Equality Win: Court's "Gamechanger" Ruling Protects LGBTQ Workers
Ruling 'sends a clear message to employers: it is against the law to discriminate on the basis of sexual orientation'
In a groundbreaking decision for equality, a federal appeals court on Tuesday ruled that LGBTQ people cannot be fired for their sexual orientation on the grounds that it violates the 1964 Civil Rights Act—a ruling that sets up a possible Supreme Court showdown.
The U.S. Appeals Court for the Seventh Circuit in Chicago found 8-3 that Kimberly Hively, an instructor at Ivy Tech Community College in South Bend, Indiana, was denied a full-time position because she was a lesbian, which the panel said went against Title VII of the 1964 law.
Although the Civil Rights Act does not explicitly block discrimination on the basis of sexuality, it does prohibit it on the basis of gender. The court found that Hively was passed over because of gender prejudice.
"Hively represents the ultimate case of failure to conform to the female stereotype... she is not heterosexual," Chief Judge Diane Wood wrote in the opinion. "Our panel described the line between a gender nonconformity claim and one based on sexual orientation as gossamer-thin; we conclude that it does not exist at all."
"Hively's claim is no different from the claims brought by women who were rejected for jobs in traditionally male workplaces, such as fire departments, construction, and policing," Wood wrote. "The employers in those cases were policing the boundaries of what jobs or behaviors they found acceptable for a woman (or in some cases, for a man)."
The Seventh Circuit is the highest court thus far to rule on the issue. But it conflicts with a decision last month by the 11th Circuit, which found in a separate case that that the Civil Rights Act did not protect sexual orientation.

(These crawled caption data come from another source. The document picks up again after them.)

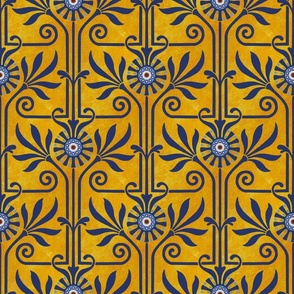 elegant geometric art deco floral | blue on golden texture | medium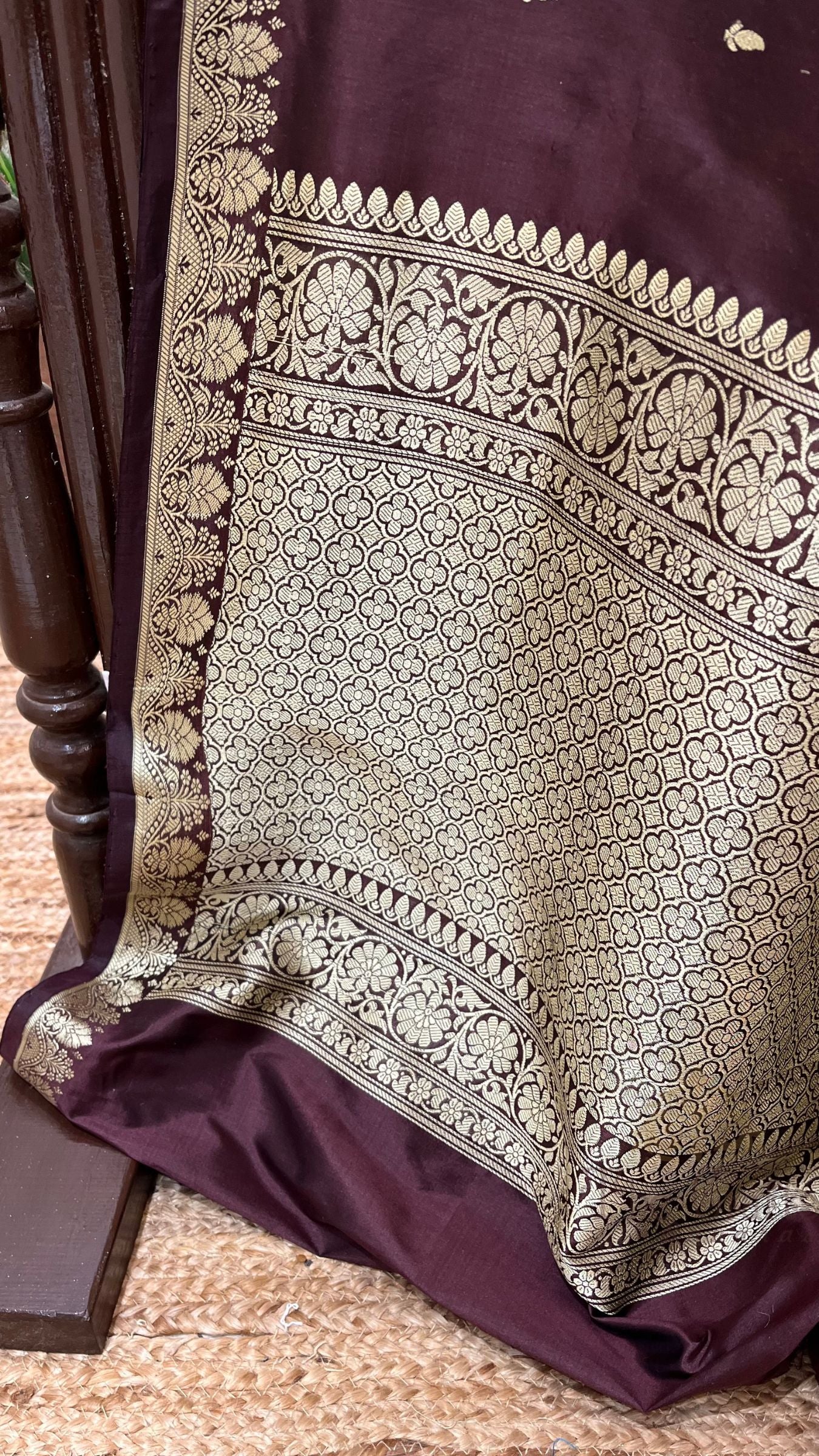 Pure Katan Silk Handloom Banarasi Saree - Resham Chunri Buti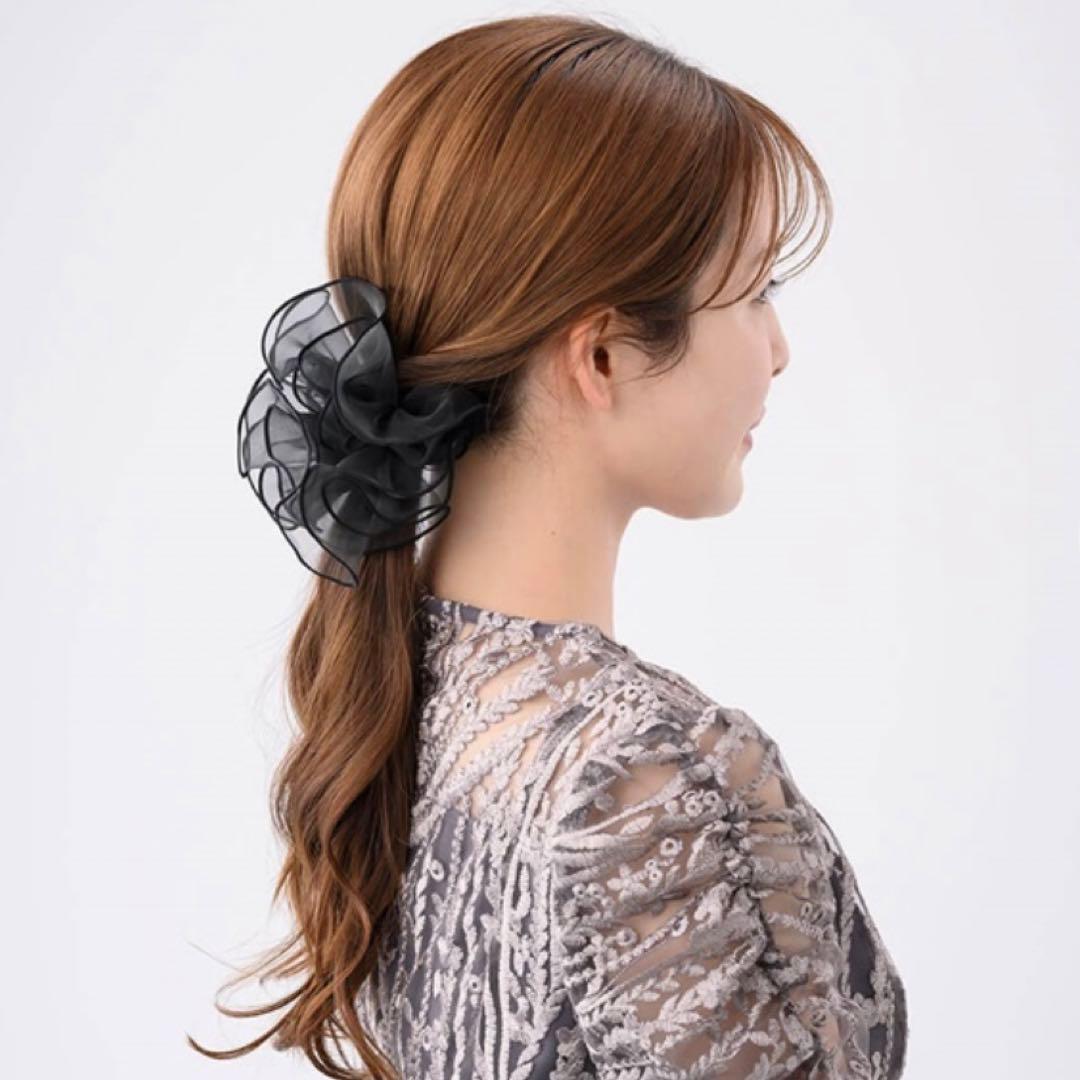 Ameri♡さんへ 新作 レイヤードフリル シュシュ ブラック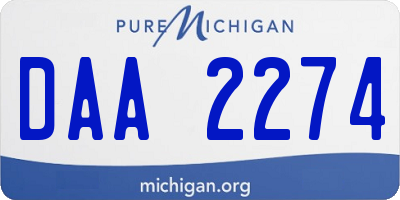 MI license plate DAA2274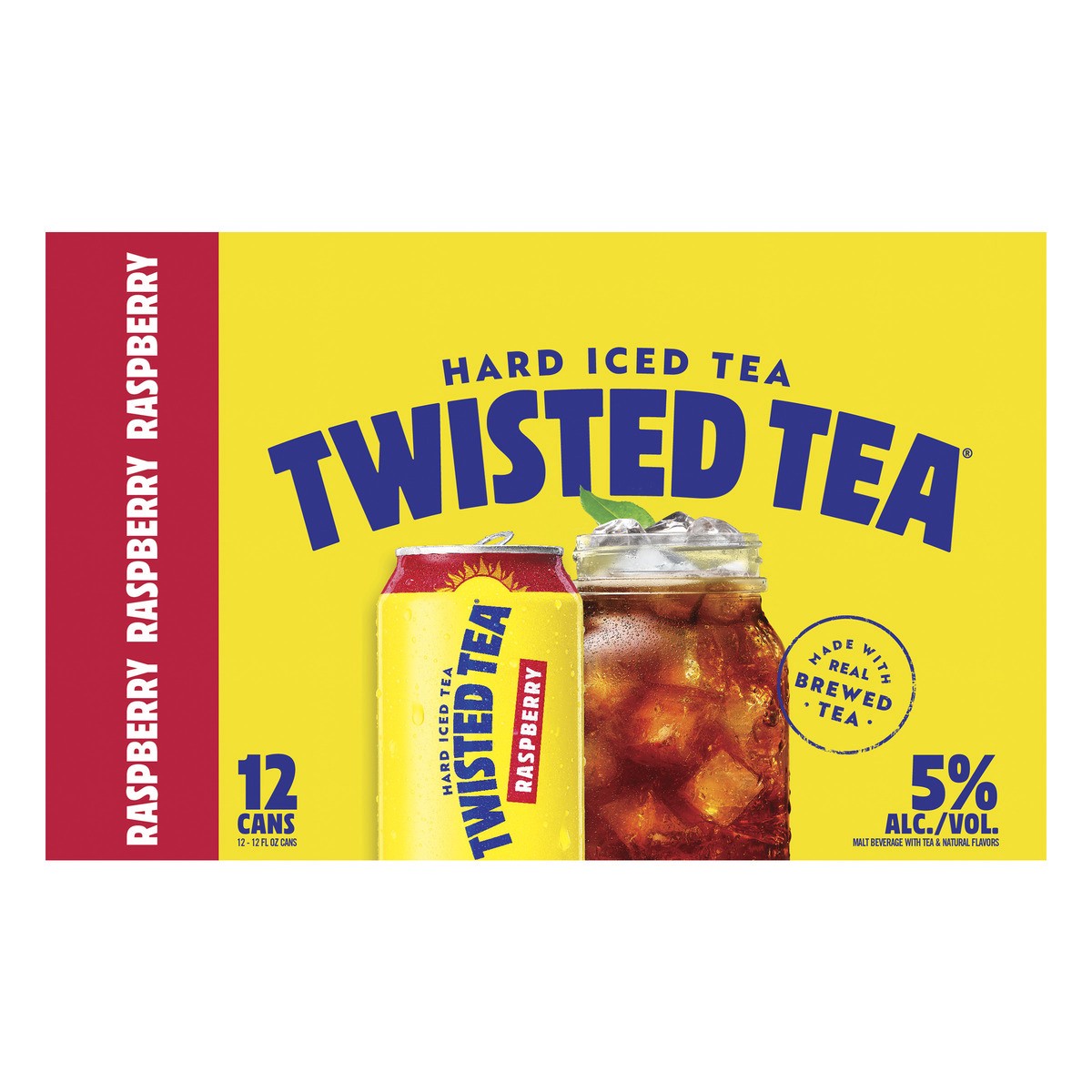 slide 7 of 8, Twisted Tea Raspberry, Hard Iced Tea (12 fl. oz. Can, 12pk.), 12 ct; 12 oz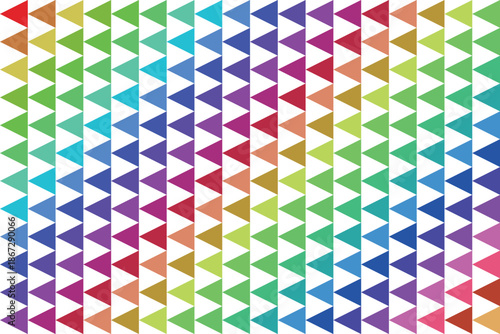 Vibrant multicolored triangle pattern illustration with rows of chevron shapes in various colors on white background for design and decoration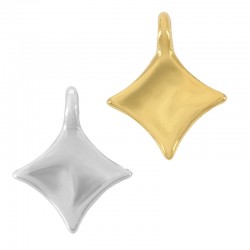 Breloque en Zamak Étoile Losange Martelée 15 mm Ø 1.6 mm
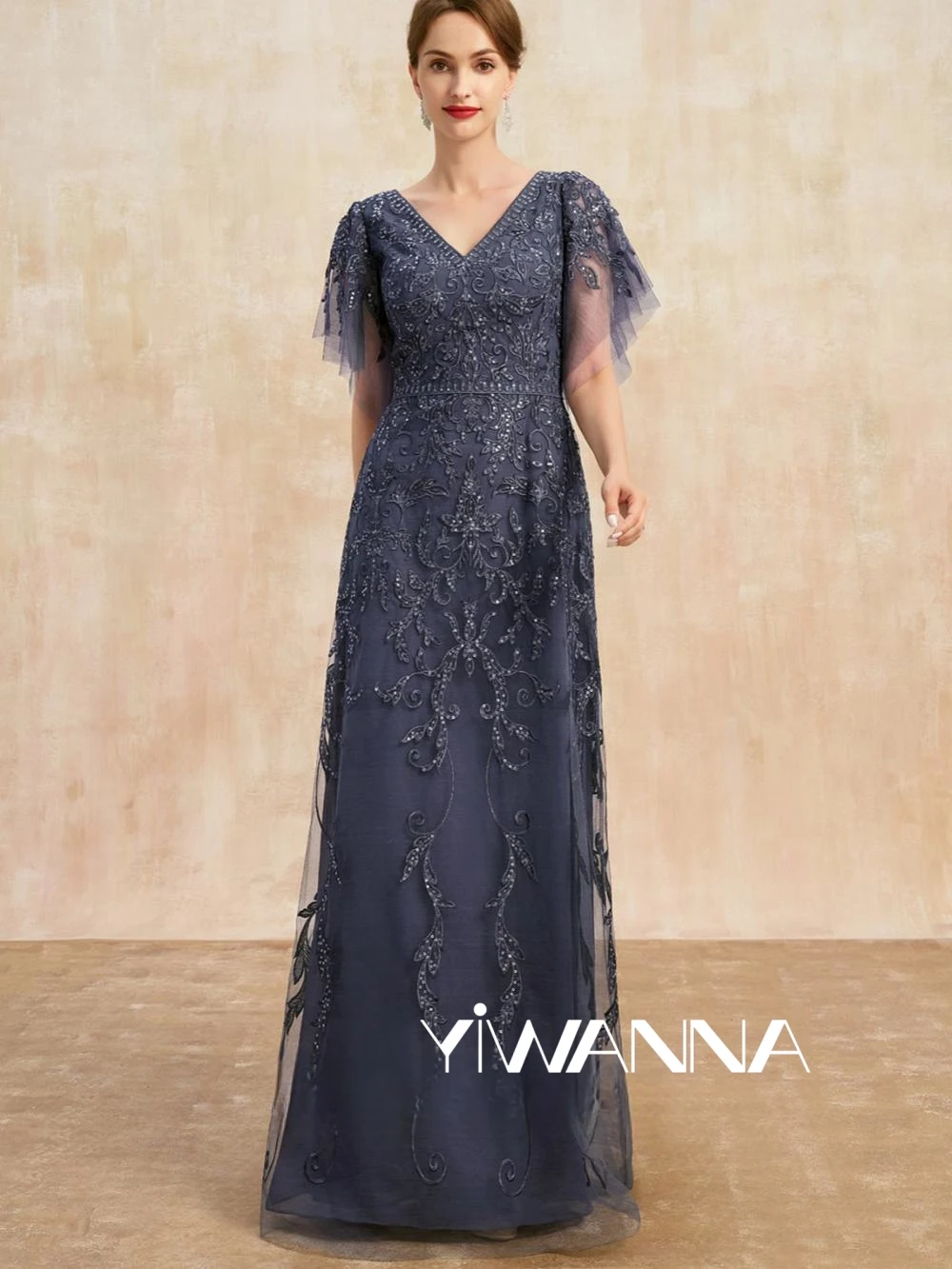 Graceful Lace Appliques Mother Of The Bride Dress For Wedding V-neck Short Sleeve Prom Dresses Sparkly A-line Long Evening Gown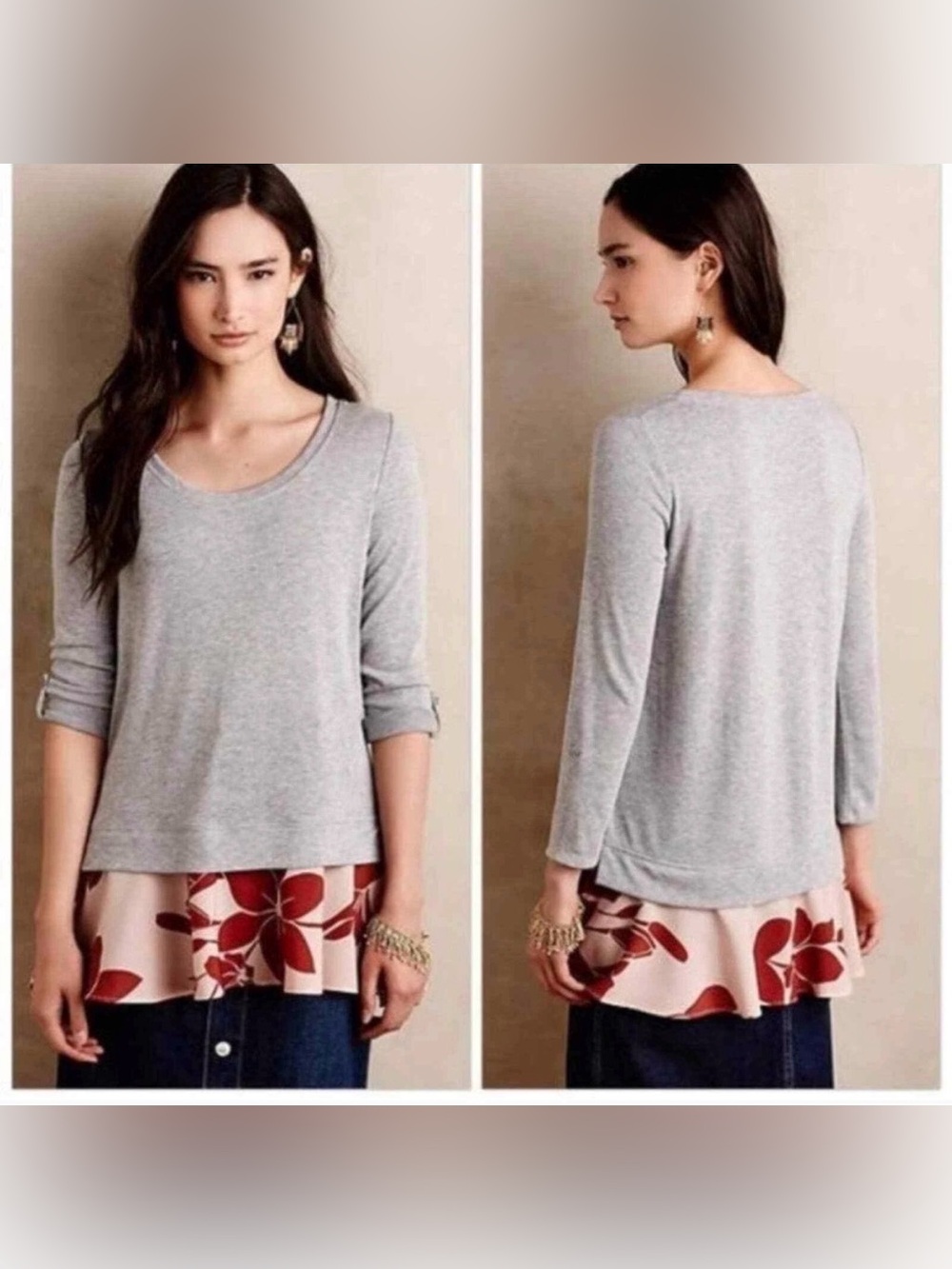 Little Yellow Button Anthropologie Floral Layered Tunic Top XL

A split in the circuits could lead to a confrontation in the Supreme Court.
"I have been saying all this time that what happened to me wasn't right and was illegal," said Hively. "No one should be fired for being lesbian, gay, or transgender like happened to me and it's incredibly powerful to know that the law now protects me and other LGBT workers."
Hively filed suit in 2014. She alleged she was denied a full-time position after she was seen kissing her then-girlfriend in the parking lot. The case was dismissed by a trial court, but the LGBTQ-focused law firm Lambda Legal appealed in 2015.
"Love won again today," said Lambda Legal CEO Rachel B. Tiven. "Kim Hively loved her job teaching math at Ivy Tech Community College, but she was fired because she is a lesbian. Today the Seventh Circuit said clearly: that's wrong. Our movement is about love and pride. Pride in yourself and your work, and the freedom to love and to be treated equally."
Greg Nevins, director of the organization's Employment Fairness program, added, "This decision is gamechanger for lesbian and gay employees facing discrimination in the workplace and sends a clear message to employers: it is against the law to discriminate on the basis of sexual orientation."